Here, we present an energetically efficient approach for ejection of liquid structures based on a mixing mechanism at the micrometer length scale. The micro-mixing is the fundamental feature of so-called Flow Blurring (FB) technology, which is a liquid atomization approach. The FB atomizers consist of concentric tubes where the liquid and gas are fed through the inner and external conduits, respectively, both fluids coinciding at the tip of the liquid feeding tube [14]. Subsequently, the gas stream radially implodes into the inner tube, thus triggering a bubbly turbulent motion in the region near its tip (see for instance Figure 3 in ref. [14] or Figure 1 in ref. [15]). Eventually a quasi-steady state is reached in which the gas motion is balanced by the inertia of the liquid, thus creating a gas cavity that, based on observations, is maintained due to a continuous supply of both phases [16,17,18]. Such a bubbling motion can fragment the liquid bulk, resulting in smaller ejecta, typically in the form of droplets [14,17]. Gañán-Calvo determined that there exists a fundamental geometrical parameter $\Psi =H/D<0.25$ that establishes the occurrence of the micro-mixing phenomenon in these type of atomizers [14]. H is the distance from the tip of the inner tube (liquid feeding tube) to the discharge orifice and $D$ is the diameter of that orifice, which is typically the diameter of the inner tube too (see Figure 1). Flow Blurring atomizers have generally been used to produce droplets and aerosols from Newtonian liquids such as water, alcohols, polyols, glycols, oils or fuels in general [14,17,19,20,21,22]. Nevertheless, we have extended its application to the fragmentation of polymeric solutions, which exhibit a more complex rheology.

The rheology of polymer solutions depends on several factors such as polymer molecular weight, concentration, type of solvent, temperature, and pressure.

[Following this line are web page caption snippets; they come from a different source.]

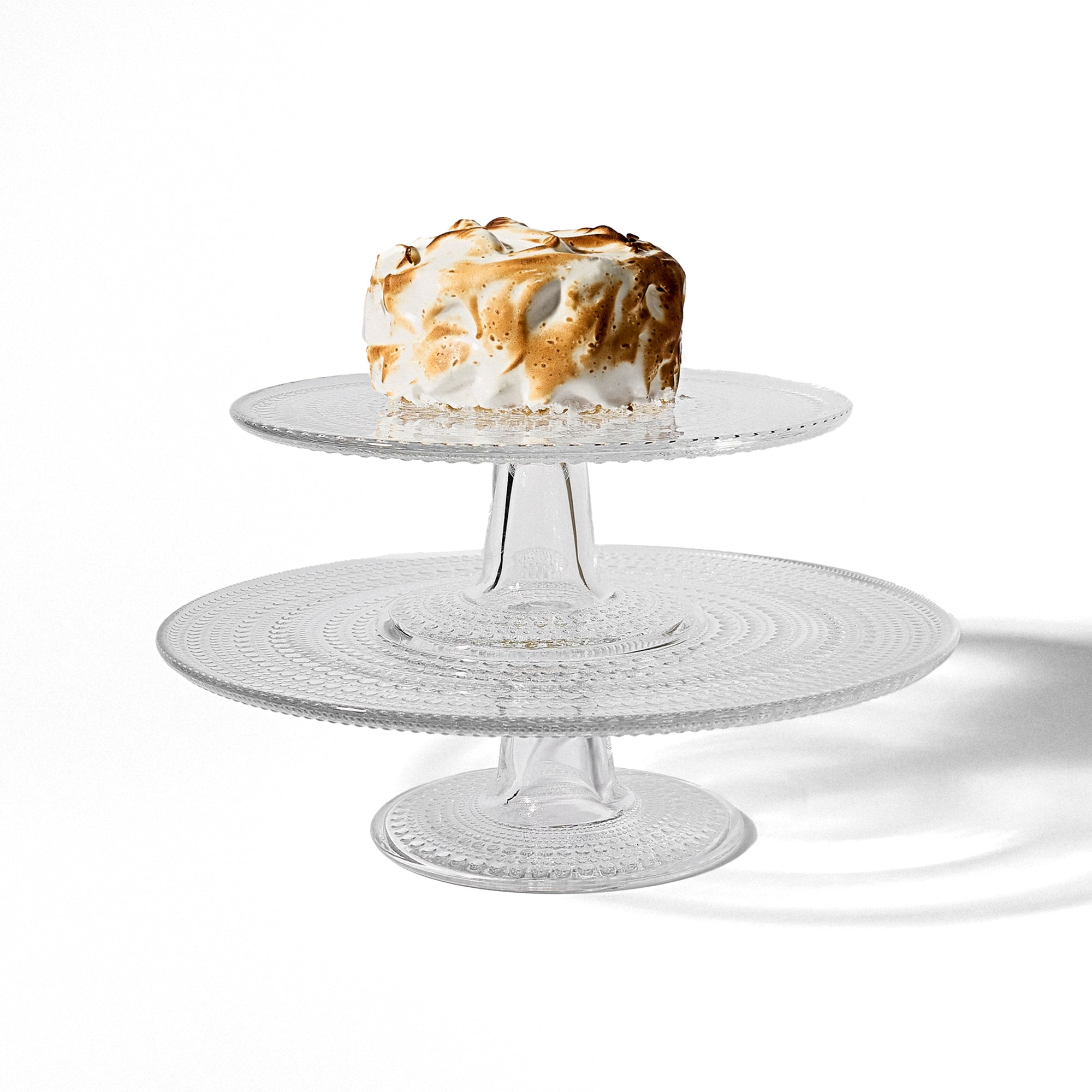 Kastehelmi Cake Stand, 9.4”, Clear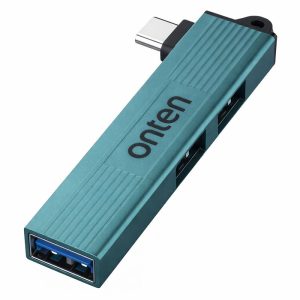 ONTEN (OTN-UC51) Type-C To 3-Port HUB METAL -{L Shape}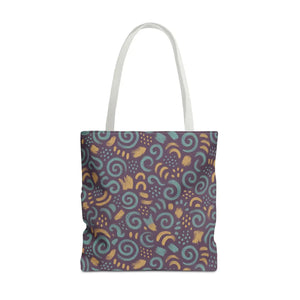 Vibrant Swirl Tote Bag - Eco Style Fabric Canvas - Dipaliz - Bags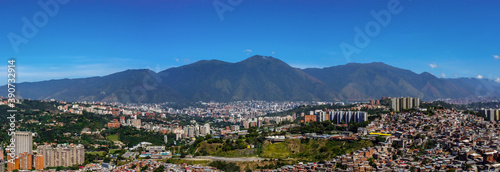 Panoramic view of Caracas, Venezuela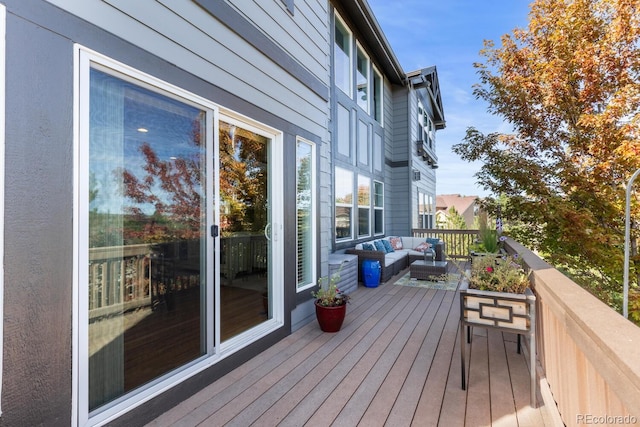 1519 Stonehill Ct, Castle Rock, CO 80104 - wooden deck featuring outdoor lounge area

Generally, based on concentration polymer solutions are classified as: dilute, semidilute, and concentrated [22], as depicted in the illustration of Figure 2. In the first case, in dilute solutions, short-range interactions of polymer chains cause them to assemble into coils, which are intricate structures that look like “spaghetti”. These coils do not interact significantly with each other because in a dilute regime the solution concentration, $c$, is smaller than a critical concentration above which the coils overlap, called the coil overlap concentration, and denoted by $c^{*}$. In the semidilute regime, however, the polymer coils start to interact because $c\sim c^{*}$, and thus they experience overlapping. In this regime, depending on the interactions of the coils, the solutions may also be divided into semidilute unentangled and semidilute entangled solutions. The entanglements develop from the interpenetration of random-coil polymer chains and may be quantified by an entanglement concentration, $c_e$. Finally, in the case of concentrated solutions, $c\gg c^{*}$ and polymer coils strongly interact with each other and may develop entanglements as well [22]. In sum, the relationships between $c$, $c^{*}$, and $c_e$ are fundamental to determine whether the polymer solutions would form filaments during ejection.

In this work, we further delve into the physics underlying the fragmentation process due to the micro-mixing and on the size of the resulting ejecta. Recently, we showed that the boundary layer thickness in the interior of the atomizer, in the micro-mixing zone, is the fundamental scale determining the size of the ejecta [23]. The major parameters controlling the process are the gas overpressure ($\mathsf{\Delta }P$) and the liquid flow rate ($Q$). We show that there are at least two ejection types based on a combination of viscosity and liquid flow rate which result in different ejecta’s patterns.

2. Materials and Methods

2.1. Materials and Preparation of Solutions

Poly(ethylene oxide) (PEO) with a volume-averaged molecular weight ($M_v$) of 1,000,000 g/mol (PEO1M) was purchased from Sigma-Aldrich and used as received. To prepare the solutions, an appropriate amount of polymer was dissolved in distilled water (milli-Q) and mixed using a magnetic stirrer, typically for one day and applying mild heating to enhance uniform dissolution. The solutions were cooled at room temperature prior to use. Solutions with concentrations, $c$, of 0.5 wt.%, 0.8 wt.%, 1.5 wt.%, and 1.6 wt.% were prepared. For atomization experiments a commercial FB atomizer (Ingeniatrics Tecnologías, Seville, Spain) with $\Psi =1/7$ was used as in our previous studies [23,24,25].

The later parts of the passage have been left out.